_What is required_. Go through the data from its first line and retype each line, stopping once the line containing "Trộm lục lọi" has been retyped.

Saved data entries
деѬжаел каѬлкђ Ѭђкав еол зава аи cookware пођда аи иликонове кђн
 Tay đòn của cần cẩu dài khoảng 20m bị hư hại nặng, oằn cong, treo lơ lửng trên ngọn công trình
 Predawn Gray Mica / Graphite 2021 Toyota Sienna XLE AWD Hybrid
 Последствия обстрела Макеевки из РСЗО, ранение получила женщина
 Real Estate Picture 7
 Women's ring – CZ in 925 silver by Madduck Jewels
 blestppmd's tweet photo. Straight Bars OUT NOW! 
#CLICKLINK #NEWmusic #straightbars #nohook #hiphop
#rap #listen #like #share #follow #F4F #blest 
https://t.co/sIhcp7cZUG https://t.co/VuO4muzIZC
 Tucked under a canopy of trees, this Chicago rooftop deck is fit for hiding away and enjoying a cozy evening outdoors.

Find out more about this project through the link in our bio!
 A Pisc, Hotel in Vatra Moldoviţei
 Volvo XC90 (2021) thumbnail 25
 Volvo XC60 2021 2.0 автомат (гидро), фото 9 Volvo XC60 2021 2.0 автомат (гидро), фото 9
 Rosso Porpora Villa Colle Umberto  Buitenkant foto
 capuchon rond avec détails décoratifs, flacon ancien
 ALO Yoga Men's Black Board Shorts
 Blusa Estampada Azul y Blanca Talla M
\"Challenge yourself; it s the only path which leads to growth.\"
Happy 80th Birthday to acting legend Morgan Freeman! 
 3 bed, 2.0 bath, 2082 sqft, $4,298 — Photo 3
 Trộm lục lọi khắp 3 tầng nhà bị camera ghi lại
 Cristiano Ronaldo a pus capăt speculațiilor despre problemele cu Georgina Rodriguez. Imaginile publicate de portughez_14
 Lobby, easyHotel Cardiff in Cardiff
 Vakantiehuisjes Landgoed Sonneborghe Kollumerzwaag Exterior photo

_Output of the task_.
деѬжаел каѬлкђ Ѭђкав еол зава аи cookware пођда аи иликонове кђн
 Tay đòn của cần cẩu dài khoảng 20m bị hư hại nặng, oằn cong, treo lơ lửng trên ngọn công trình
 Predawn Gray Mica / Graphite 2021 Toyota Sienna XLE AWD Hybrid
 Последствия обстрела Макеевки из РСЗО, ранение получила женщина
 Real Estate Picture 7
 Women's ring – CZ in 925 silver by Madduck Jewels
 blestppmd's tweet photo. Straight Bars OUT NOW! 
#CLICKLINK #NEWmusic #straightbars #nohook #hiphop
#rap #listen #like #share #follow #F4F #blest 
https://t.co/sIhcp7cZUG https://t.co/VuO4muzIZC
 Tucked under a canopy of trees, this Chicago rooftop deck is fit for hiding away and enjoying a cozy evening outdoors.

Find out more about this project through the link in our bio!
 A Pisc, Hotel in Vatra Moldoviţei
 Volvo XC90 (2021) thumbnail 25
 Volvo XC60 2021 2.0 автомат (гидро), фото 9 Volvo XC60 2021 2.0 автомат (гидро), фото 9
 Rosso Porpora Villa Colle Umberto  Buitenkant foto
 capuchon rond avec détails décoratifs, flacon ancien
 ALO Yoga Men's Black Board Shorts
 Blusa Estampada Azul y Blanca Talla M
\"Challenge yourself; it s the only path which leads to growth.\"
Happy 80th Birthday to acting legend Morgan Freeman! 
 3 bed, 2.0 bath, 2082 sqft, $4,298 — Photo 3
 Trộm lục lọi khắp 3 tầng nhà bị camera ghi lại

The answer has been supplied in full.